Generating BRFplus artificats from ontologies is not difficult since we can add additional metadata to the ontology that are needed to generate a BRFplus function using the BRFplus API.

Summary

Ontologies provide a framework for classifications that can be used to model decision services especially decision tables. I think this is a nice to know for theoretical purposes but is this useful for practical purposes? Here I’m not sure: in my BRFplus projects I have been able to translate the complete set of rules into a huge decision table so far but in the end I favored a modularization using BRFplus functions or rule sets since often this is easier to understand.
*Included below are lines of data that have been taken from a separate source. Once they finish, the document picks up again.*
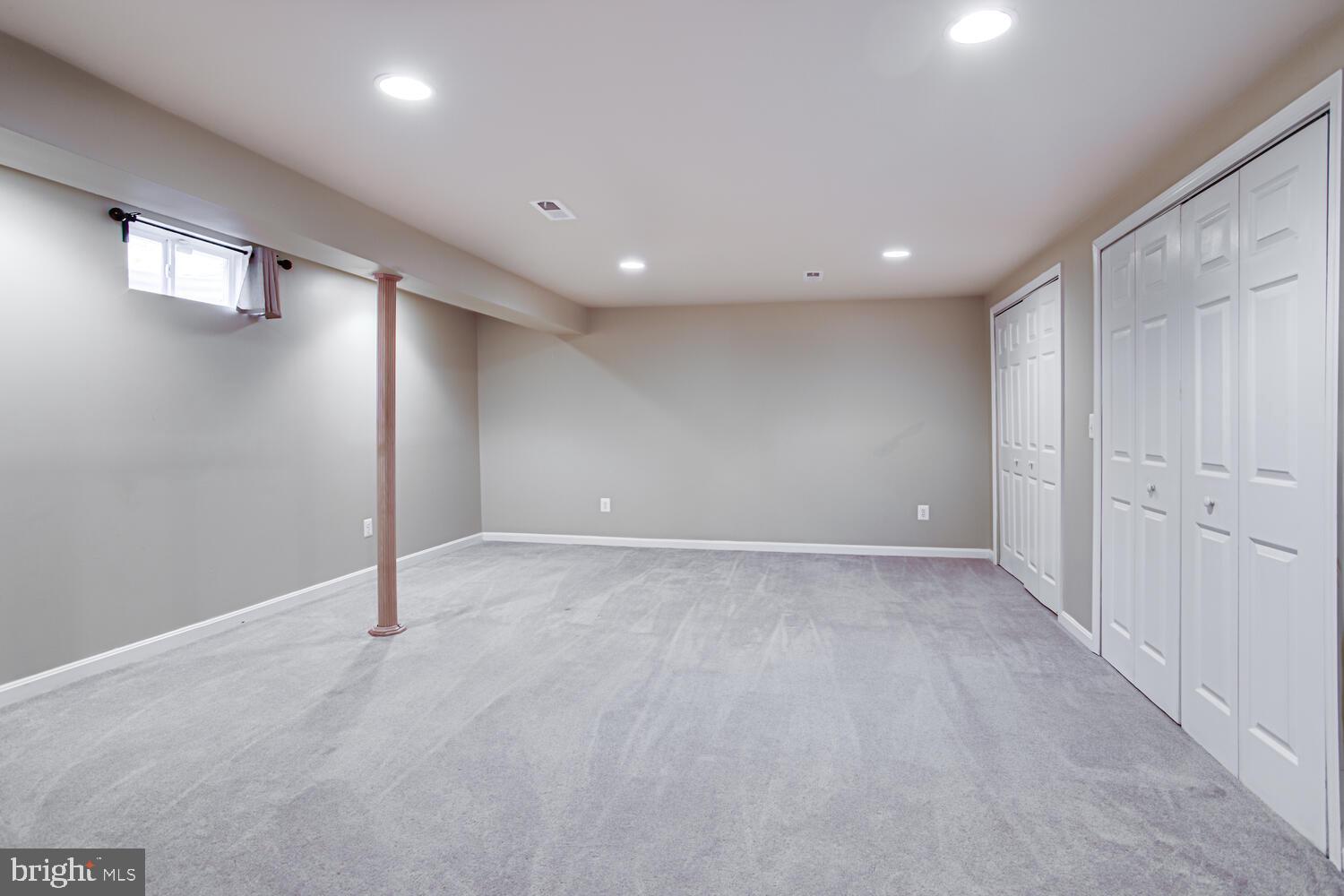 PARKWAY WEST - Residential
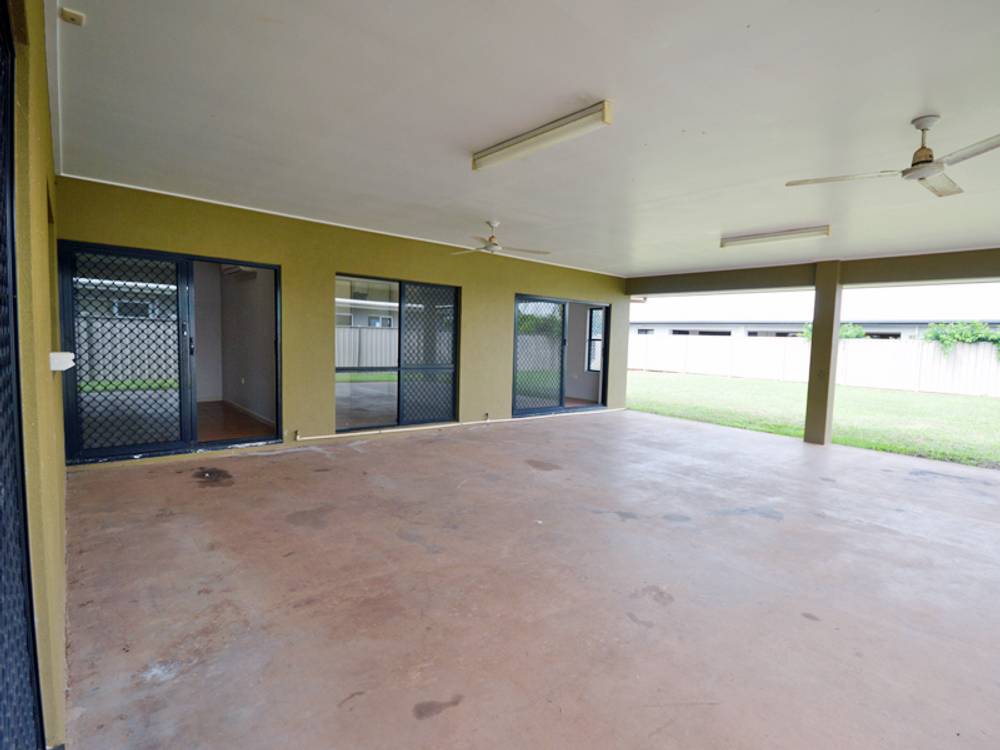 3 Sunbird Ct, Rocky Point, QLD 4874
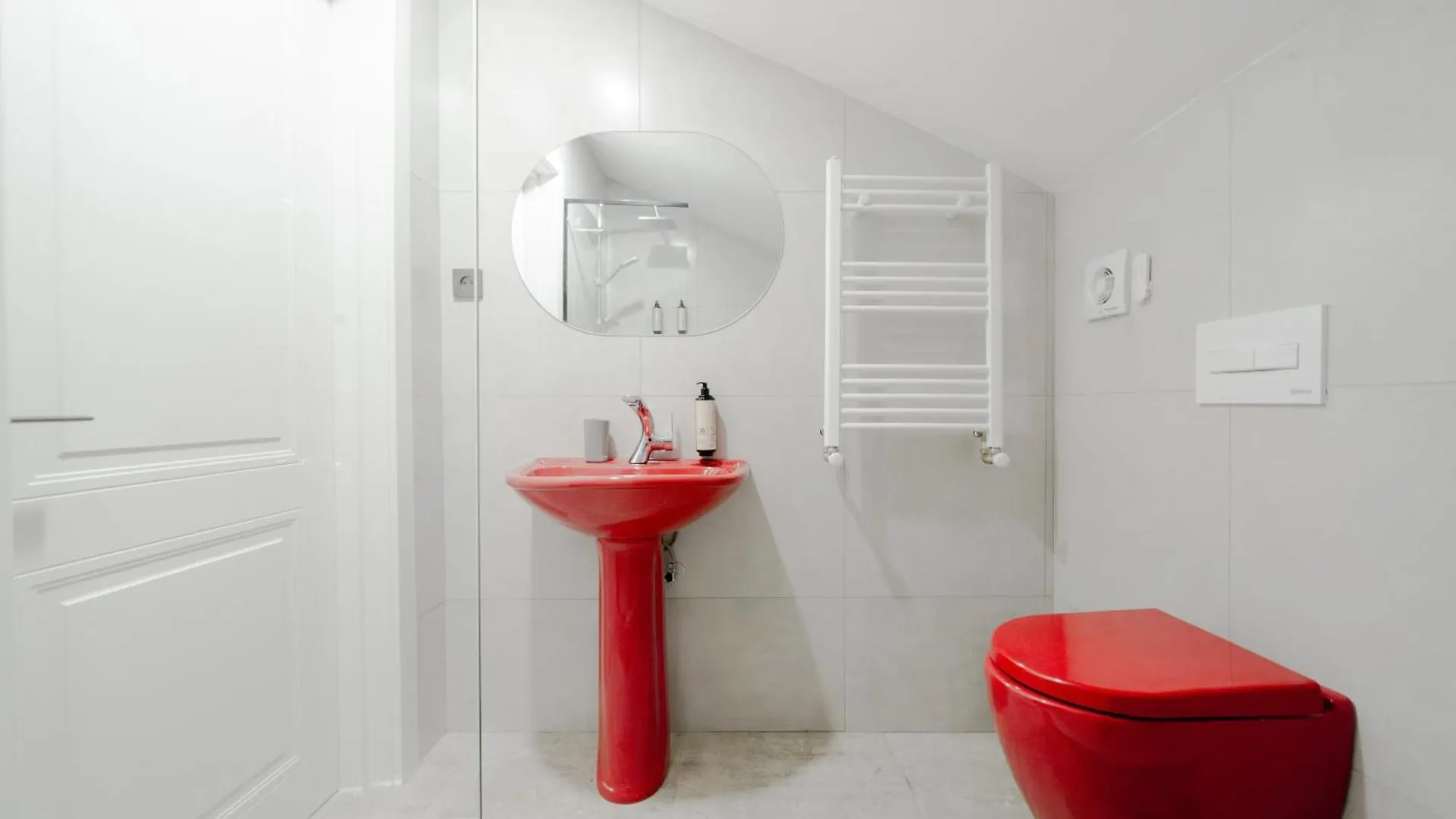 Niabi 3Bdr Mansard With City View Tiflis Apartamento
But there might be the case that rulesets can be quite large - and they will grow in the HANA context in my opinion – that a more structured approach can be useful for creation and maintenance. And here ontologies can help in my opinion. If have more experience with this approach and have some kind of best practices I will blog about them.

Again I attach the above used ontoloy as XML file to this blog entry - feel free to experiment with it. In fact I have many ideas for research topics (think of a diploma thesis for example): Can we define a description logic that represents decision tables in a better way? Could we generate decision tables (HANA and/or BRFplus) from ontologies, How do we bridge the type gap?